跳转至

Lec 04 Introduction to Neural Networks

阅读信息

295 词  2 分钟  本页总访问量 加载中...

Backpropagation

The forward pass uses a computation graph to store intermediate values. The backward pass starts from the end node and uses those saved values to compute the gradient of each node with respect to the loss by applying the chain rule.
For a node with inputs (x, y) and output z, each node performs a simple operation; its local gradients \(\frac{\partial z}{\partial x}\) and \(\frac{\partial z}{\partial y}\) are easy to compute. Once we have \(\frac{\partial L}{\partial z}\) from downstream, the chain rule gives \(\frac{\partial L}{\partial x} = \frac{\partial L}{\partial z} \cdot \frac{\partial z}{\partial x}\), which is then passed to the previous node.

Each node keeps and passes on its local gradient.
For a max node, the input that wins gets gradient 1, the others get 0; the local gradient depends on which input was largest.

Why is backprop more efficient than directly differentiating \(L\) with respect to every parameter?

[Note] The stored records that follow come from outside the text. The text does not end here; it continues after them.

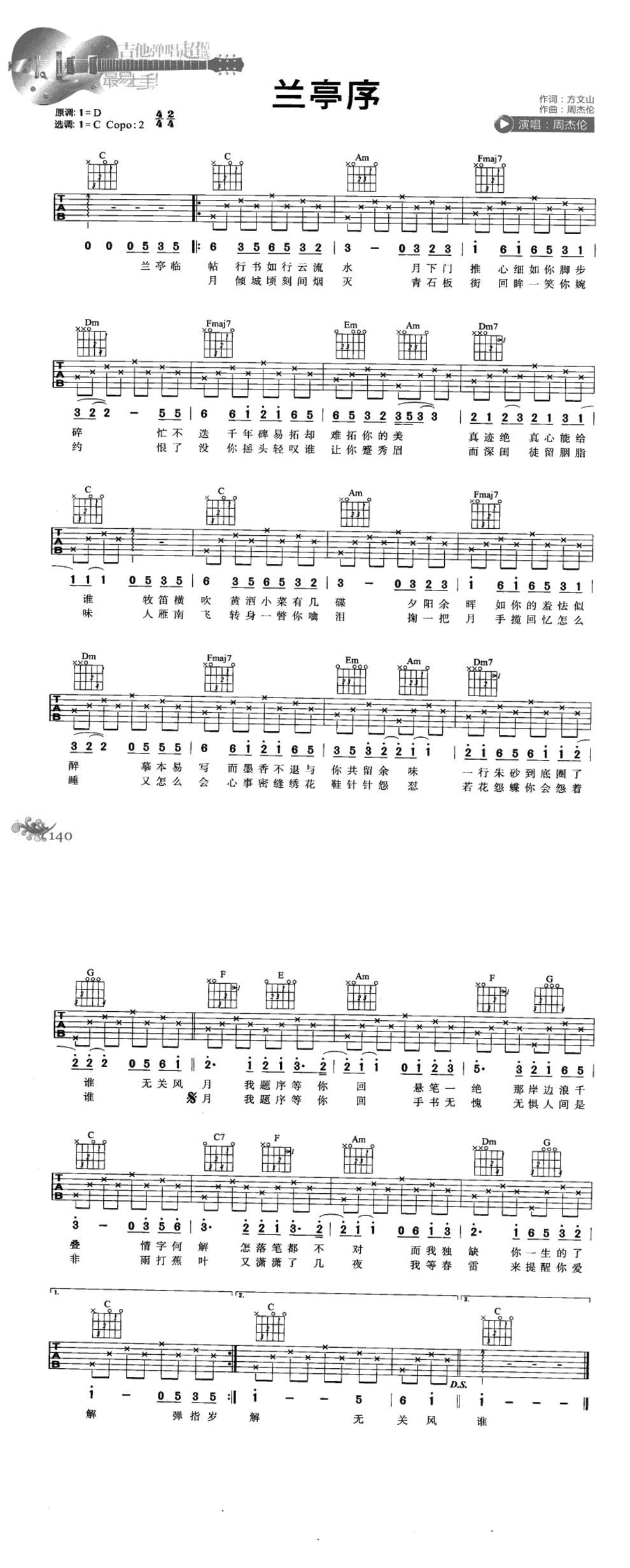 兰亭序 原版吉他谱 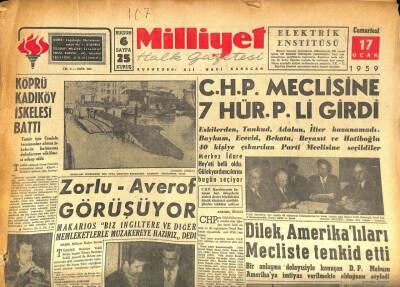 Milliyet Halk Gazetesi 17 Ocak 1959 - Atatürk Üniversitesinde Boykot Devam Ediyor GZ86176 - 1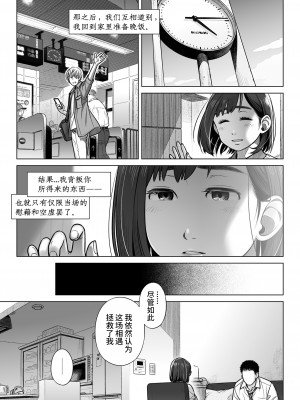 [オタクビーム (大塚まひろ)] 倉田有稀子の告白 1-3 [山猫亭个人汉化]_0052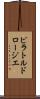 ピラトルドロージエ Scroll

Because the chain rule lets us reuse local gradients; we only need each node’s small derivative.

You can treat several simple units as one larger operation, e.g., bundling nodes into a sigmoid \(\sigma(x) = \frac{1}{1 + e^{-x}}\).

When inputs are high-dimensional, the local gradient (Jacobian) is often sparse.
Example: a 4096-D ReLU layer \(f(x) = \max(0, x)\) outputs 4096-D. Its Jacobian is 4096×4096; entry (i, j) is how output i changes with input j. For ReLU each output depends only on its matching input, so only the diagonal matters.

Backprop illustration:

4-1

Neural Networks

Single-layer linear model: \(f = W x\).
Two-layer example: \(f = W_2 \max(0, W_1 x)\); stacking layers with nonlinearity increases expressive power. W2 can assign different weights to different templates learned in W1.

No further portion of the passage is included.